Lots of friendships were made...a few not so good ones. It was established that we and only we could fuss among ourselves. No “outsider” better bother one of us! One day the first summer I was in the home, the matron had the day off, one of the older girls was in charge of us. There were probably 50 or more of us in the North building then. Anyway, this day another girl showed up wearing some beads that belonged to me, and we fussed about it. The girl in charge made us walk to and from the dining room holding hands for punishment. It worked, for we didn't fuss anymore.

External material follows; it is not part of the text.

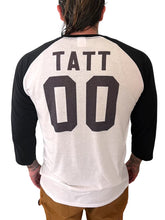 Load image into Gallery viewer, KCT Baseball Tee
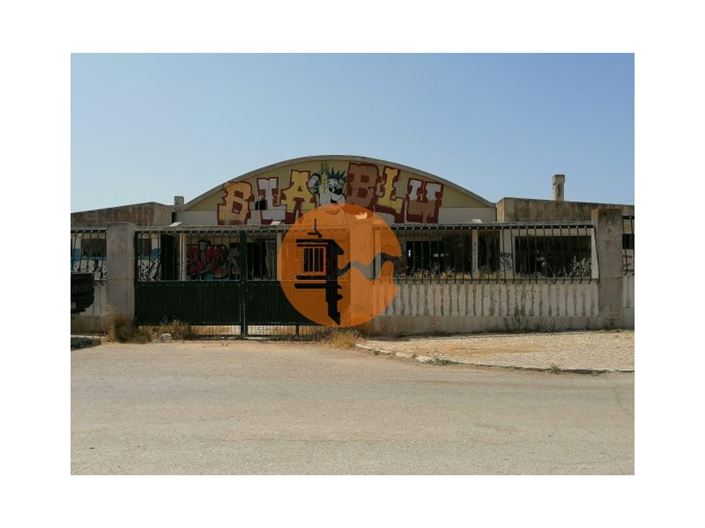 Image No.4-Plot for sale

One October day, during fire prevention week at Harding Junior High school, Uncle Leo, a clown demonstrated how we were to crawl out of a burning building. That very night, someone set fire to clothes in a closet in our dorm. We were in a room of four girls. Three of us were in junior high school, and slept three to a bed, while the fourth girl, who was still in elementary school had to sleep alone in the other bed. When one of the three of us smelled smoke, she woke the other two, and two of us started yelling FIRE! FIRE! and ran out of the building, while our third friend put her nose on the floor and crawled out of the building. Years later, we laughed about how we completely forgot the girl in the bed by herself. We thought we were special, sticking together, and sleeping three in a bed, while she probably snickered at us while she had a big bed all to herself. You know, kids can be cruel, but we really didn't try to burn her up! Another time, at Sunday dinner, Mr. Mansfield announced that they had a new Holstein bull over at the dairy, and we were not supposed to go near him. This bull was supposed to be a really mean fellow. Now, you know we would have never thought of doing anything to that bull, if he hadn't put the idea into our heads. It didn't take us long to get over there and inspect that really mean bull. He was taking a nap...standing there with his eyes closed, anyway. He was talked to and yelled at, but he continued to take his nap. God certainly was watching over us, because one of us tore a strip off the bottom of her pink dress and tied a bow on his tail. As always, no one ever told who did anything. The bull had a really good quiet hour, and the kids had fun...or at least we thought so.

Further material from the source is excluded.